(THE TASK) Could you copy exactly the lines below, beginning at the line with "Used 2017 Jeep" and stopping after the line with "Vinny's, YARDEE STUDDED", with no pictures?

(EXTRACTED DATA)
---
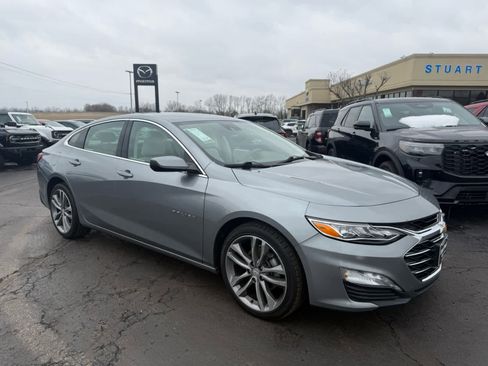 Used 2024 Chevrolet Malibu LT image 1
---
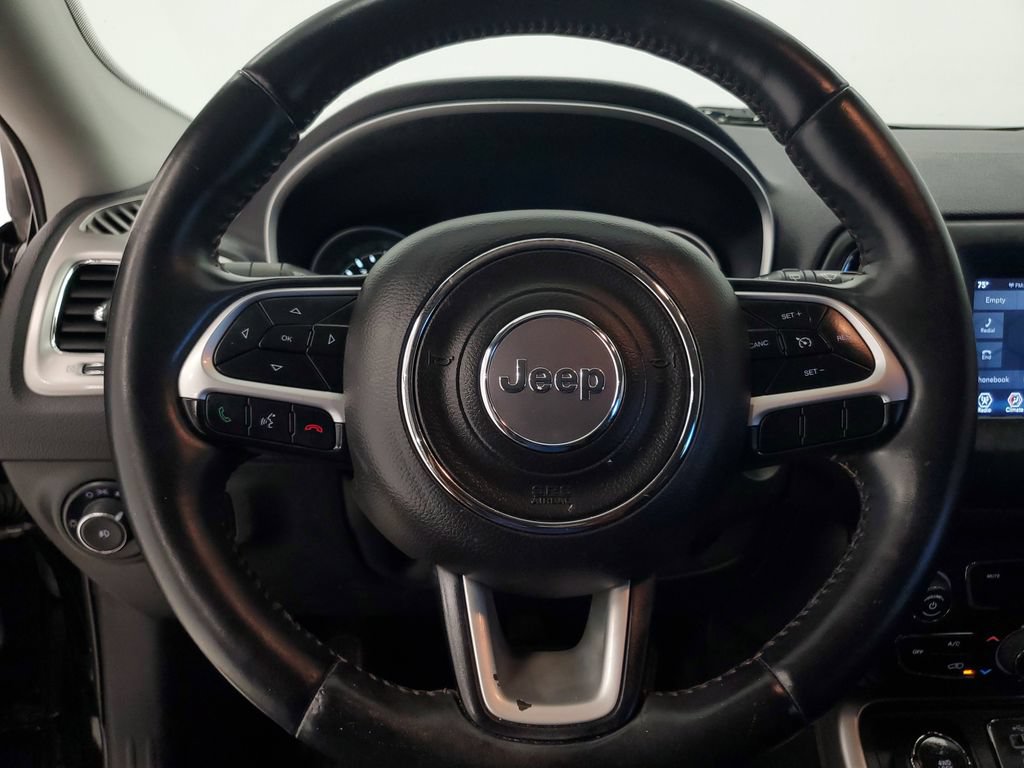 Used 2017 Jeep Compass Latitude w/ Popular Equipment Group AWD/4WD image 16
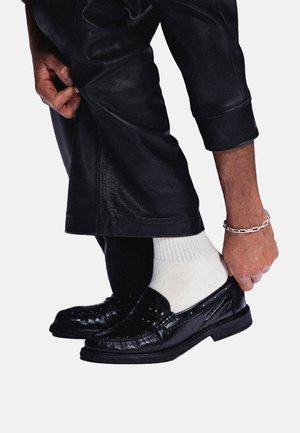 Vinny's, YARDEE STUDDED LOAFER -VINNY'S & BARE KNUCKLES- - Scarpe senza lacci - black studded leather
---
(ANSWER TO THIS EXERCISE)
 Used 2017 Jeep Compass Latitude w/ Popular Equipment Group AWD/4WD image 16
 Vinny's, YARDEE STUDDED LOAFER -VINNY'S & BARE KNUCKLES- - Scarpe senza lacci - black studded leather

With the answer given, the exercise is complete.